Publish or perish: Why legal scholars need to embrace social mediaPublished 3 October 2018
As U.S. President Trump shows us every day, Twitter is a powerful megaphone to reach and move an audience. In a new article for the Tilburg Law Review, Dr Antoine Duval, senior researcher at T.M.C. Asser Instituut, argues that legal scholars should embrace social media and blogging to meet their readers.
Why blog and tweet?
Many legal scholars are busy rethinking law to deal with the societal changes triggered by the Internet. But they have been slow in assessing its impact on their own communication and publishing practices. Drawing from his own experience, in his article, Duval highlights the advantages of blogging, the practical challenges faced by academic bloggers, and potential strategies to tackle them. He answers questions such as why, if at all, should a legal scholar blog? And what is the impact of blogging?
Duval is convinced that legal academics will have to embrace social media, if they wish to be read. Not all legal scholars understand the value of using blogs and Twitter to diffuse ideas and publications and to reach an audience. Duval: “There is a need to wear off a rather common disdain vis-à-vis these modes of communication, as social media and blogging are often perceived as of lesser academic value. But they should be viewed as an integral part of our academic pursuit. A ‘good’ paper needs to be translated into a variety of formats for it to find its audience.”
The responsibility of academic managers
According to Duval, investing time and energy in blogging and tweeting is often considered a loss of time for individual academics - time that is barely rewarded by the academic management. He calls for academic managers and policy-makers to incentivise researchers to diffuse their work in such a way that it actually reaches their target audiences.

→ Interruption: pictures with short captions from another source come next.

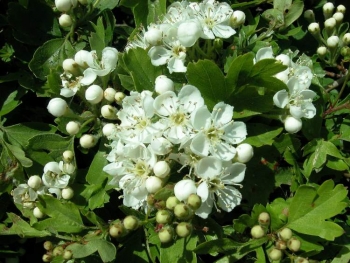 rośliny ozdobne - Głóg jednoszyjkowy - zestaw 50 szt.(goły korzeń) Crataegus monogyna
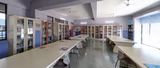 Ryan International School - ICSE Gallery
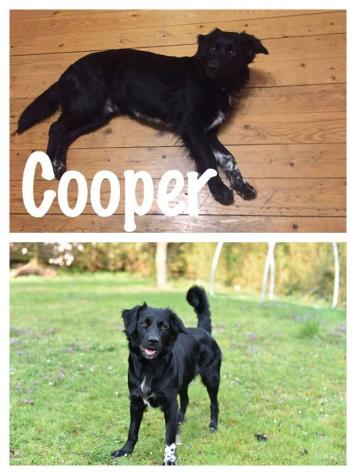 COOPER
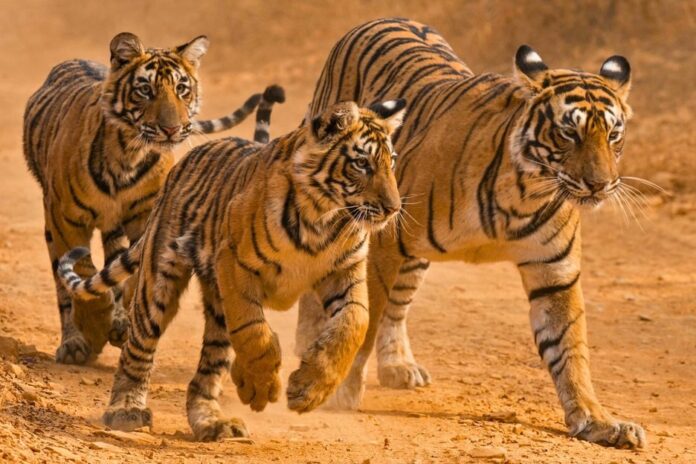 Relatório aponta recuperação de tigres, elefantes e tartarugas após décadas de perdas na biodiversidade Relatório aponta recuperação de tigres, elefantes e tartarugas após décadas de perdas na biodiversidade
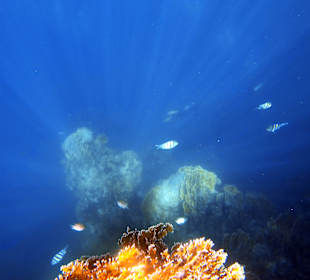 Schnorcheln Marsa Alam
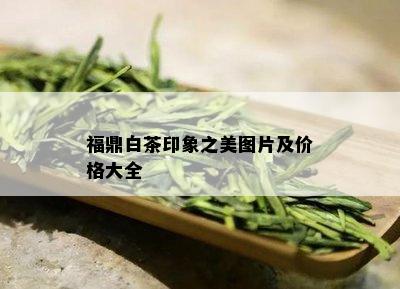 福鼎白茶印象之美图片及价格大全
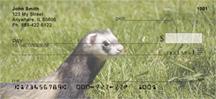 Ferrets In The Grass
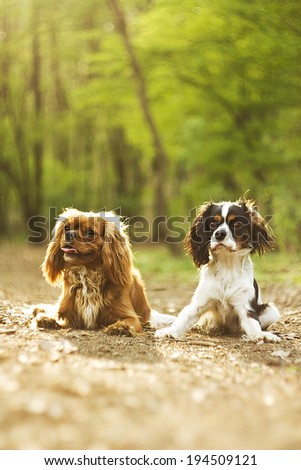 two fun cavalier king charles spaniel dogs in nature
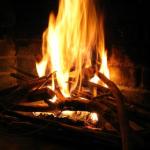 Energies renouvelables bois feu de bois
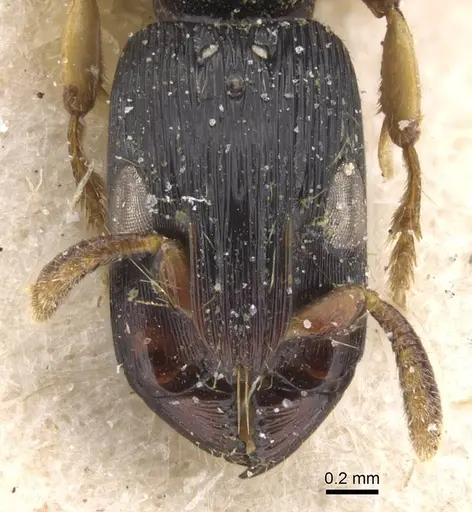 Cylindromyrmex meinerti specimen CASENT0911274 image casent0911274_2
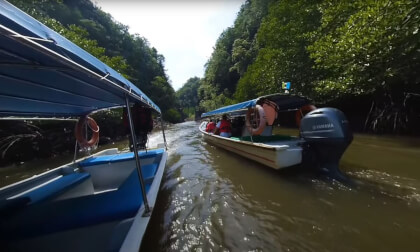 180 VR - Malaysia 2023 - Langkawi islands - Mangrove tour- part 5/6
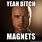 Jesse Pinkman Magnets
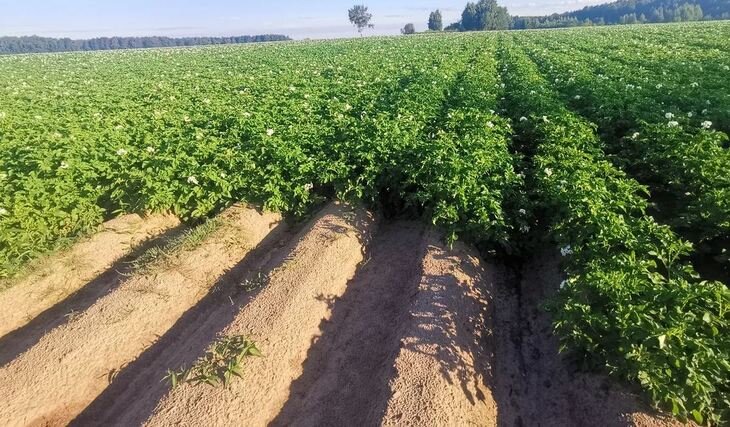    Россельхознадзор запрещает поставки семенного материала из французского, германского, нидерландского и канадского питомников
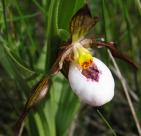 Small white ladyslipper: flower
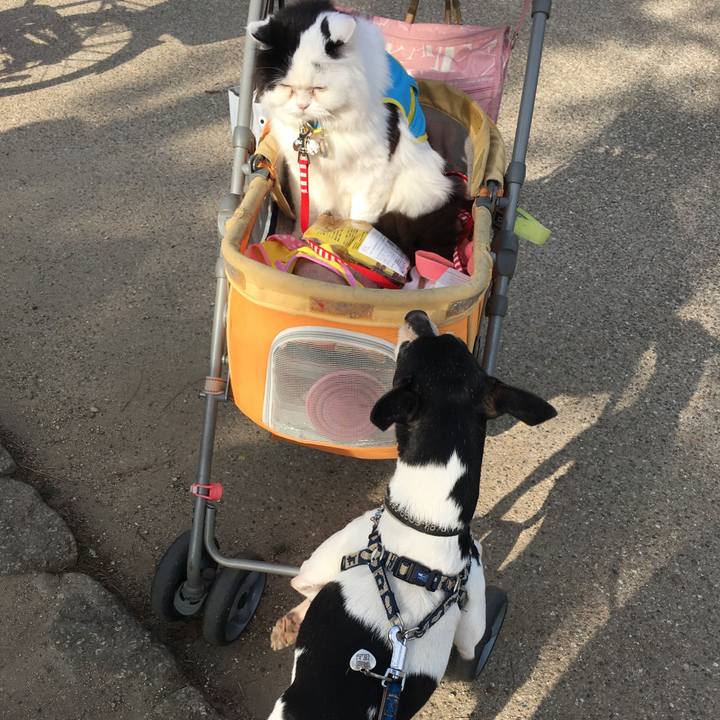 87b04bdc a666 4154 8082 e19c84daf53a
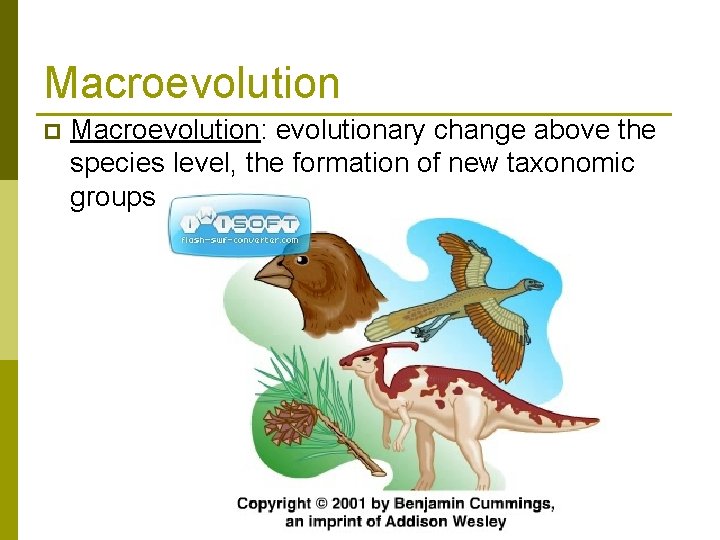 Macroevolution p Macroevolution: evolutionary change above the species level, the formation of new taxonomic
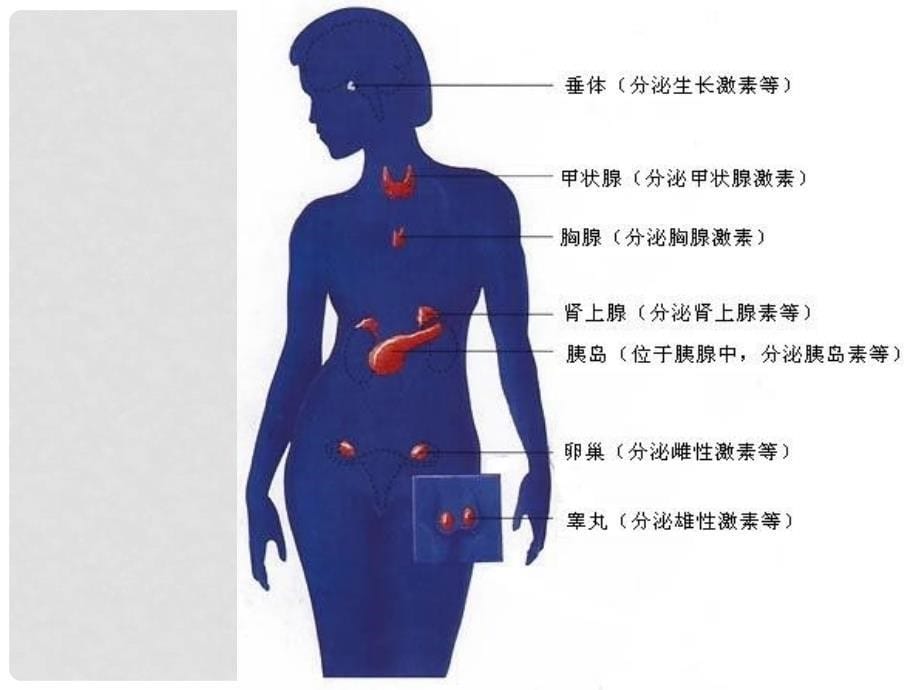 海南省儋州一中七年级生物下册 4.6.4 激素调节公开课教学课件 （新版）新人教版_第5页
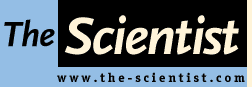 the scientist logo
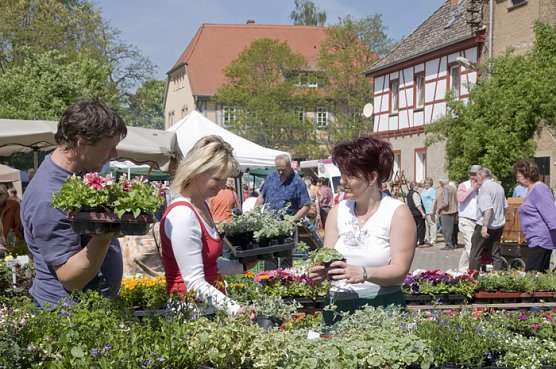 Zweite Fr&uuml;hlingswanderung (Foto: Thomas Stephan )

Duval: “If academic managers are serious about their push for impact, diffusion and public relevance, they need to change the mix of incentives that drive academics.” Duval also calls on law faculties to recruit social media experts and skilled web designers and to organise regular trainings for their research staff.
For Duval, engaging in social media is not a magical cure to populism, to democratise our world or to spread the rule of law. It is just necessary to meet the public where it currently is. In other words, “social media is not superior to older media, but it certainly is the media of our times.”